L’inconscient, un concept-limite
En 1923, dans Le Moi et le Ça, alors qu’il s’apprête à développer la seconde topique de l’appareil psychique, Freud avertit en préambule : « La différenciation du psychique en conscient et inconscient est l’hypothèse fondamentale de la psychanalyse : elle seule lui donne la possibilité de comprendre les processus pathologiques aussi fréquents qu’importants de la vie de l’âme, et de les faire entrer dans le cadre de la science. » Et Freud, préparé à ce qu’une partie des lecteurs refusent aussitôt d’aller plus avant, insiste : « Ici est le premier schibboleth de la psychanalyse.

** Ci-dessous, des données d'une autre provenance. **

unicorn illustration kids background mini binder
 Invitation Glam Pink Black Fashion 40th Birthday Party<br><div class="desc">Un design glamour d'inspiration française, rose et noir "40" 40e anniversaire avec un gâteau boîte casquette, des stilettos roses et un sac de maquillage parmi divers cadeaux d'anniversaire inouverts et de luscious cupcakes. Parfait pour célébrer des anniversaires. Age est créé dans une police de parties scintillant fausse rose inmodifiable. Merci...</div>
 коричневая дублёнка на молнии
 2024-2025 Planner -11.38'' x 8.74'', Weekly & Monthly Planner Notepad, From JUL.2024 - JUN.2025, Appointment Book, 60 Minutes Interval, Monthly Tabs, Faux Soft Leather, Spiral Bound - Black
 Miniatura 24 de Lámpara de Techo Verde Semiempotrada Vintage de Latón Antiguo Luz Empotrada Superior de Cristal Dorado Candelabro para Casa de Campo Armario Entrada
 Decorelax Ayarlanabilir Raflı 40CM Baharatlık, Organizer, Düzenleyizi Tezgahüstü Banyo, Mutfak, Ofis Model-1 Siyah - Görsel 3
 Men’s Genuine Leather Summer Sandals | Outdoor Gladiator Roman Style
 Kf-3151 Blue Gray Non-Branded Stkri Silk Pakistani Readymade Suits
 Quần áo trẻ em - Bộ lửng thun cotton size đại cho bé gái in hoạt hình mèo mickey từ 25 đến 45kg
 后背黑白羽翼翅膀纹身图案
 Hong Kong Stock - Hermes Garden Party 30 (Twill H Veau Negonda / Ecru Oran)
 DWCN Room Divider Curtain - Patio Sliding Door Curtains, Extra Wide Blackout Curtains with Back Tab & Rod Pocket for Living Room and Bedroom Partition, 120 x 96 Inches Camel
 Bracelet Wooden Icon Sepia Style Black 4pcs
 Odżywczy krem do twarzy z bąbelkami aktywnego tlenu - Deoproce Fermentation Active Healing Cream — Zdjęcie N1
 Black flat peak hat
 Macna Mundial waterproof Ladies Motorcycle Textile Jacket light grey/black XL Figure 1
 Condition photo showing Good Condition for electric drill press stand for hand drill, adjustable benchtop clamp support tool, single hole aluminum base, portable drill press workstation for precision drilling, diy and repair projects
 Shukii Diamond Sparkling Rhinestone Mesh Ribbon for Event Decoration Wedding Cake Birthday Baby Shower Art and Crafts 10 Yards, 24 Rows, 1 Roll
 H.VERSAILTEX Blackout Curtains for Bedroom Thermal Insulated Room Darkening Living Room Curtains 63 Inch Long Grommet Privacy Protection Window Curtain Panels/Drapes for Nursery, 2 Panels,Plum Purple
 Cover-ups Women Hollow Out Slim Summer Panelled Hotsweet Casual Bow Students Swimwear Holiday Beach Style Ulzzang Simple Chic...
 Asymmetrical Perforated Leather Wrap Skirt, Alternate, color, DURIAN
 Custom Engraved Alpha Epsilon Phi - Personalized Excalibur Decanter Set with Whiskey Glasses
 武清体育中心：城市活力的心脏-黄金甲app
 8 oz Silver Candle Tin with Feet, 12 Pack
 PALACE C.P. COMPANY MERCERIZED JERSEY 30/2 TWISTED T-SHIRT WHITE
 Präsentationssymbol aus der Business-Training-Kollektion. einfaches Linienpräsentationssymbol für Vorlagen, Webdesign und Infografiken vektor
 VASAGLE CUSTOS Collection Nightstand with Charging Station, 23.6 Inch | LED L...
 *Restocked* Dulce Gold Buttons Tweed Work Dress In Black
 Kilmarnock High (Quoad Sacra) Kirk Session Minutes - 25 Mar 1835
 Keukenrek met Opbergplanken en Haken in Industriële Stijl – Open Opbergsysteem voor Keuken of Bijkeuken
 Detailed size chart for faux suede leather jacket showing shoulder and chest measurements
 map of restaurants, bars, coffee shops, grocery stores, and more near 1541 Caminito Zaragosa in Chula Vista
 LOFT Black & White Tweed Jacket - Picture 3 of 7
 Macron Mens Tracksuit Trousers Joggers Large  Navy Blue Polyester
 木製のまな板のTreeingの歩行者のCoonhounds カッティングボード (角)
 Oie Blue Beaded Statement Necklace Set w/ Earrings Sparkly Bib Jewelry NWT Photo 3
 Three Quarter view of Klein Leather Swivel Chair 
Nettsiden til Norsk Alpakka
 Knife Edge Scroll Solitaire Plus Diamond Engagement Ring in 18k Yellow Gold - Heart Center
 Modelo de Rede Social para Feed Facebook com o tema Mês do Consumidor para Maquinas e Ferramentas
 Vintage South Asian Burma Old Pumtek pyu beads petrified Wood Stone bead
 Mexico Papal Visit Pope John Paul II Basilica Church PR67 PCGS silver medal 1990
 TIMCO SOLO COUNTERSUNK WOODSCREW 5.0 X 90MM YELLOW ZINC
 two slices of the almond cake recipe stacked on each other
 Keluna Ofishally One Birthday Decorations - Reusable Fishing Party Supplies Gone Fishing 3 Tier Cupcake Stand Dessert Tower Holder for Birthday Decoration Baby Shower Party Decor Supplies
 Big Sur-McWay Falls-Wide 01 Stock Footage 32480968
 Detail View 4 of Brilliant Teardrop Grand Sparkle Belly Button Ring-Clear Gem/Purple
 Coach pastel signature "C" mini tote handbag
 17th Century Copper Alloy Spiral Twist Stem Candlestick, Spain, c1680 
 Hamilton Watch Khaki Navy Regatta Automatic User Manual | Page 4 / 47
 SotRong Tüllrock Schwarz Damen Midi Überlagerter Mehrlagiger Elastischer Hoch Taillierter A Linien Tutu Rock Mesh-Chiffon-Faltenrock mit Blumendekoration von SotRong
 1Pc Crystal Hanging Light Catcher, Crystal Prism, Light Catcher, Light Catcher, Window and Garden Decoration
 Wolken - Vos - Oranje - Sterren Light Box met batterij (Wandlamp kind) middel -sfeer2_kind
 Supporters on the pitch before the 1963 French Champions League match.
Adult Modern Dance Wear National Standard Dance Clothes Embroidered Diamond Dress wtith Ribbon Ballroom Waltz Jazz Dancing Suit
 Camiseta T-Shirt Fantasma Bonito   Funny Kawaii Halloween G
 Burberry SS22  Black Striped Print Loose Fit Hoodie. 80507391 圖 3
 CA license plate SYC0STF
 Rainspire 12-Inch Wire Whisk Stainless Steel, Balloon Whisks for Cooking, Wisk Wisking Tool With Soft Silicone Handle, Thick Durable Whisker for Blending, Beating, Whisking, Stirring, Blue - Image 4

Pourtant, dans ce même texte, la notion d’inconscient subit un profond remaniement. Alors que, depuis L’Interprétation du rêve, l’inconscient, constitué par le refoulé, désignait l’une des trois instances dont était composé l’appareil psychique aux côtés du conscient et du préconscient, le constat que le terme « inconscient » reste directement tributaire des données de la perception, qu’il est en tant que tel inapte à restituer l’écart fondamental entre la qualité inconsciente imputable à un simple état de latence des représentations et la qualité inconsciente déterminée par le processus du refoulement, bref que le langage métapsychologique pâtit de sa première source descriptive, conduit Freud à réviser non seulement la désignation des systèmes psychiques mais le bâti même de l’appareil psychique.